Saturday, May 9, 2015

A Forest of Sentences

Machine learning as a service is awesome!

I really like the idea of the Google Prediction API. As in really like it. I especially like that it supports both numbers and strings for the training inputs, out of the box.

I quickly found that it is a bit fiddly to set up for just playing around with ideas though, and you need to pay for some of their cloud storage for your training data.

That lead me down the rabbit hole of whether I could use RandomForest algorithms (currently regarded as pretty awesome for minimal-configuration machine learning) to perform the same sort of basic machine learning tasks as suit Google's service.

I decided to start with Google's "Hello Prediction" example which classifies sentences as being in either English, Spanish or French.

The obvious issue here is that these algorithms support input arrays of floats for training, not just my random assortment of sentences - cue rabbit hole number two.

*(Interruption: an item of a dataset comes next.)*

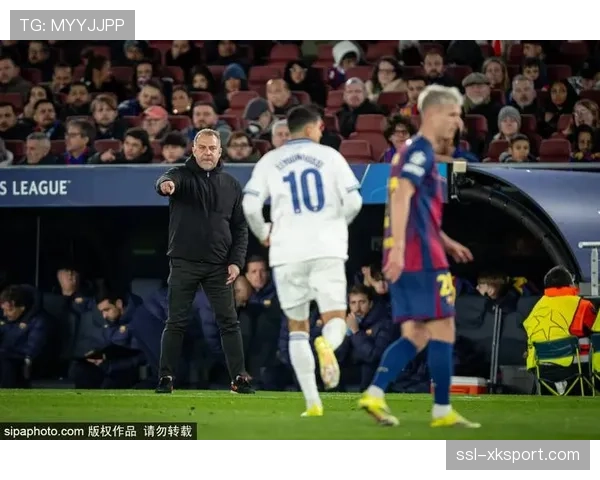 特写：第70分钟，马竞中卫雷尼尔多因战术犯规领黄，凸显防守压力临界点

I'd been interested in fuzzy grouping of similar sentences/strings for a long time, and had had some small successes (and epic failures) trailing an idea where I would use a set of three "landmark" sentences to "localise" a new sentence in three-dimensional space. The position in each dimension would be calculated using the Levenshtein Distance or a similar, from each landmark. I had hoped this would allow for sentence grouping and of course cool three-dimensional scatter diagrams. As I said, this didn't really work.

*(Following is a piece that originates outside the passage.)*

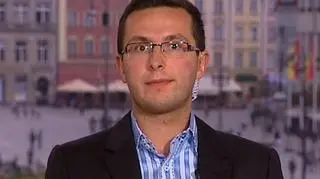 Wrocławski Dom Maklerski, dotąd notowany na NewConnect, zamierza przenieść się na rynek główny. KNF już zatwierdziła prospekt emisyjny spółki. WDM planuje zadebiutować w Lipcu. O debiucie Spółki na GPW, rozmawialiśmy z jej prezesem - Wojciechem Gudaszewskim.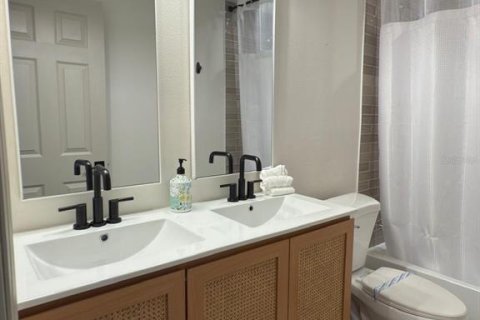 Villa ou maison à louer à Saint Petersburg, Floride: 3 chambres, 81.2 m2 № 1912455 - photo 12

That work did give me an idea for creating vector representations of strings though:
  1. Randomly select a small (100-200) subset all the training inputs for a feature. In the case of Hello Prediction, this was 200 of the sentences that were in the training set. These sentences become the "landmarks" for the input array generator.
  2. For each sentence in the training data, measure the distance (I used the FuzzyWuzzy token set ratio) between the training sentence and each landmark (divided by the training sentence length). This creates a 200 element array of distances, per training data sentence, in my example.
  3. Train a RandomForestRegressor using the languages (mapped to integers) as the targets and the 200-element arrays as input features.
  4. Profit?
For each new sentence, perform the same translation to a 200 element array and pass that to the model's predict() method. This seems to work remarkably well, though it sometimes classifies Spanish sentences as French:


Loading training data... Done!
Preparing vectoriser... Done!
Preparing training data... Done!
Training RandomForest... Done!

Hello mate, how are you? I need to find the toilet. ('English', 99)
Bonjour compagnon , comment êtes-vous? Je dois trouver les toilettes . ('French', 87)
Hola amigo, ¿cómo estás? Necesito encontrar el inodoro. ('Spanish', 89)


This worked-example code is available on my GitHub, and I'll attempt to apply it to some more difficult problems in future posts.